After a rather prolonged football break in between sets, Jessica Hernandez was anxious to get started. With lengthy blue hair and red, high-waisted hot pants, the former KC native graced the stage with soulful ease and sarcastic banter. Her band, Jessica Hernandez and the Deltas, engaged with a variety of sounds, most ending with soft-spoken, sultry bridges that displayed Hernandez's vocal range, which is suggestive of pop queens like Amy Winehouse and Lily Allen. She thanked the crowd for watching: "I know you guys like football more than music."
Up next was Radkey
, the brothers punk. Dee, Isaiah and Solomon Radke dropped jaws as they pumped out an energetic and youthful display of sounds reminiscent of Nirvana and the Misfits. With solid vocals and a remarkably steady pace delivered by drummer Solomon Radke (the youngest member of the band at age 15), the trio had a crowd of kids twice their age dancing and cheering for more. Grinning from ear to ear, bass player Isaiah Radke asked the crowd to acknowledge his youngest brother's 15 years of sobriety. They sang about anime and racism, "because we're in a rock-and-roll band."
Growlers' tourmate Jaill
, a group from Milwaukee, came next in line, and brought upbeat pop-punk melodies about women and heartbreak. Lead singer Vincent Kircher noted, "You break it off with a girl but you still end up writing songs about them and playing them in front of people."

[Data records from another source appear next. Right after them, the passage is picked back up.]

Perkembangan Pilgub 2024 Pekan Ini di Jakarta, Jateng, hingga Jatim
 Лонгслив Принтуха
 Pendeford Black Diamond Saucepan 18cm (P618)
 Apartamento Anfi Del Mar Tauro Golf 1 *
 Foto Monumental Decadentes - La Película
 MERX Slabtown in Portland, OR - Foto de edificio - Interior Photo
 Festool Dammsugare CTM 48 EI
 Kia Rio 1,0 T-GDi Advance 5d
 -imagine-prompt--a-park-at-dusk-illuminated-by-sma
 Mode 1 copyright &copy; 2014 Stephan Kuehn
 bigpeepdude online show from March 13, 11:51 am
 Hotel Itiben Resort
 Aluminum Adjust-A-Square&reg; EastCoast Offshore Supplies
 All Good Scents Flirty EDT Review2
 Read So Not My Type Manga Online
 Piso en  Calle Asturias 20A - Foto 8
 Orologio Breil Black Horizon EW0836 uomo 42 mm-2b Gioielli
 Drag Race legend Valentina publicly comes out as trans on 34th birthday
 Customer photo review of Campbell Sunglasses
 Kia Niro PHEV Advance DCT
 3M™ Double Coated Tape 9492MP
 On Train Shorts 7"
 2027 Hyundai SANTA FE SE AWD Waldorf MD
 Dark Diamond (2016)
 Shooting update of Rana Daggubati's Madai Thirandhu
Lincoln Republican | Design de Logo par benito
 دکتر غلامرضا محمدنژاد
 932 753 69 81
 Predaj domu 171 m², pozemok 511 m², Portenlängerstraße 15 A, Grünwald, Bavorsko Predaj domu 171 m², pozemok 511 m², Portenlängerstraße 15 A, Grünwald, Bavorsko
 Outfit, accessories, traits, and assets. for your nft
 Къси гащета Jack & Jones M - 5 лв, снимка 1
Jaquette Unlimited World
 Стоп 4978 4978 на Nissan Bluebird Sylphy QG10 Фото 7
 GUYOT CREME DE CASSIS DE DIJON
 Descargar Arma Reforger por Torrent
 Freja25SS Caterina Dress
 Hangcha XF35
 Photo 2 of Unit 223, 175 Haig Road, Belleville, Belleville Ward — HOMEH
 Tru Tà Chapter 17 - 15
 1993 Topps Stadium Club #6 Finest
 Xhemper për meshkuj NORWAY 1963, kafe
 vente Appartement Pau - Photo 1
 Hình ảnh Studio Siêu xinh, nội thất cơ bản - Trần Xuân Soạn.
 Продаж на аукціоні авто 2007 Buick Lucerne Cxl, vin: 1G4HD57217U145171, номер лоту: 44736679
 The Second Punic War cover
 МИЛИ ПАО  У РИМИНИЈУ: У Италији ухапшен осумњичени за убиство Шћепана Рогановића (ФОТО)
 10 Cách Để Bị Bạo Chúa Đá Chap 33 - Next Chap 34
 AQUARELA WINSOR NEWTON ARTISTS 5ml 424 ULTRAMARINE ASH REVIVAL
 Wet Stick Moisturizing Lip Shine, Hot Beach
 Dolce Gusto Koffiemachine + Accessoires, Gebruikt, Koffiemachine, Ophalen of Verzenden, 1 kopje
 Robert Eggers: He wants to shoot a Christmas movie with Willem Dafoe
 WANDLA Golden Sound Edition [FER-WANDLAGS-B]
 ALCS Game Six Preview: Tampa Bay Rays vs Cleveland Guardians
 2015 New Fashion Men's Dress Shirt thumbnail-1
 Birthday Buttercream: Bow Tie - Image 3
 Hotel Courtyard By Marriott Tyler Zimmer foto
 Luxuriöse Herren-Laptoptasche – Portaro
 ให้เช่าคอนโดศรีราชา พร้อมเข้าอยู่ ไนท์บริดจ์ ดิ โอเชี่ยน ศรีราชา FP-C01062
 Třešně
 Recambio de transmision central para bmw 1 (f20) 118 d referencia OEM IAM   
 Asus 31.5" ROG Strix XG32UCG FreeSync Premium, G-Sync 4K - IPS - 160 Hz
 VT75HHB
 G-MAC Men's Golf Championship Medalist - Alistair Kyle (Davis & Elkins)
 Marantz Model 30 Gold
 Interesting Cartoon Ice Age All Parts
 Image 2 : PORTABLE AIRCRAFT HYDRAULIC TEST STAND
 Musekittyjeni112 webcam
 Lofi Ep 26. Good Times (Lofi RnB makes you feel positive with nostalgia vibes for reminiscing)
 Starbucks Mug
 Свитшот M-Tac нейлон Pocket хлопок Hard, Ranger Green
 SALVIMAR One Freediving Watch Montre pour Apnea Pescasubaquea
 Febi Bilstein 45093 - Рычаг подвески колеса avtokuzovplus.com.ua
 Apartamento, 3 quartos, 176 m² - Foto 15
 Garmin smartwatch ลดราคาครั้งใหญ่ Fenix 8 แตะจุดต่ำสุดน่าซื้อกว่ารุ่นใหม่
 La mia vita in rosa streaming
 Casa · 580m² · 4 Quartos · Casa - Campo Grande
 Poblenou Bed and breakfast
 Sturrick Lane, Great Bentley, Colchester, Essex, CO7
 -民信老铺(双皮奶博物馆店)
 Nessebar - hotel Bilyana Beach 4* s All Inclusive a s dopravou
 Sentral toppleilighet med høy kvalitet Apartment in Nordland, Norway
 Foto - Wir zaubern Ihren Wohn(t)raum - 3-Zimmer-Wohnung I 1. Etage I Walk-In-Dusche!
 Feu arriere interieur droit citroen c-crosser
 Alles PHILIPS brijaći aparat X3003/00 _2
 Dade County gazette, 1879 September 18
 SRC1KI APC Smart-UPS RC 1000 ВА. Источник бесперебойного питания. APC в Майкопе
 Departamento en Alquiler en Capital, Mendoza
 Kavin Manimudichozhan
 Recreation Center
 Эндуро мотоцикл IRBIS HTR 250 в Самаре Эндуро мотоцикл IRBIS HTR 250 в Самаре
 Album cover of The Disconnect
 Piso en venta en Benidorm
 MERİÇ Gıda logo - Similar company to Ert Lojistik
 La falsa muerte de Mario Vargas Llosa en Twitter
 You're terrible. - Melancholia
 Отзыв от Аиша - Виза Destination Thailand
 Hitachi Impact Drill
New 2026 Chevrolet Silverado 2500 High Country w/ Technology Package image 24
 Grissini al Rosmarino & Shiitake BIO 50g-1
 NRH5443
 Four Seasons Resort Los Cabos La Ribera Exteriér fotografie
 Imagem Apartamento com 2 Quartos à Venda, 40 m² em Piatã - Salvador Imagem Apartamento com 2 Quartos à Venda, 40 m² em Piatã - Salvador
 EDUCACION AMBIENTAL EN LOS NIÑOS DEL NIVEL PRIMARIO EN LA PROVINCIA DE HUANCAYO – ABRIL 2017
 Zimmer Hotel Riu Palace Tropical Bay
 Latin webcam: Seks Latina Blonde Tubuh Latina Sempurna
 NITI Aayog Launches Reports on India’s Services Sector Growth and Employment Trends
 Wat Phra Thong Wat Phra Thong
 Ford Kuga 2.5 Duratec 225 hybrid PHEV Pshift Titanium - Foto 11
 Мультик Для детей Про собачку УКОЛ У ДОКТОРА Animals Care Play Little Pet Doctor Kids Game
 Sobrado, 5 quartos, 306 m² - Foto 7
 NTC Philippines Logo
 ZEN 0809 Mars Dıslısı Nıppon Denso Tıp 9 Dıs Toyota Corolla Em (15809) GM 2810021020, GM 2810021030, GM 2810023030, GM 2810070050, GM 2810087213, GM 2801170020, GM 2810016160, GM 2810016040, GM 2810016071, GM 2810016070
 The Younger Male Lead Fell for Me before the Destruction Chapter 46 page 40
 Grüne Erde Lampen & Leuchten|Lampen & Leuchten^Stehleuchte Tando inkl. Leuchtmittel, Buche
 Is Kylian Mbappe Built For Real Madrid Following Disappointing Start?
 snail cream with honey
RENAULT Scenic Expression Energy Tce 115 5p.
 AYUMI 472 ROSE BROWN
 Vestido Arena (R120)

The much-anticipated Growlers
finished off the evening with a dreamy procession of hits, including material from their new album, Hung at Heart
, and older favorites to match. Lead singer Brooks Nielson sang and swayed around the stage with ease and subtle arrogance, flipping his hair and twirling his microphone cord. The poker-faced members played hits like "Graveyards Full" and "Acid Rain" and finished the set with newer songs, like their slower ballad, "Living in a Memory."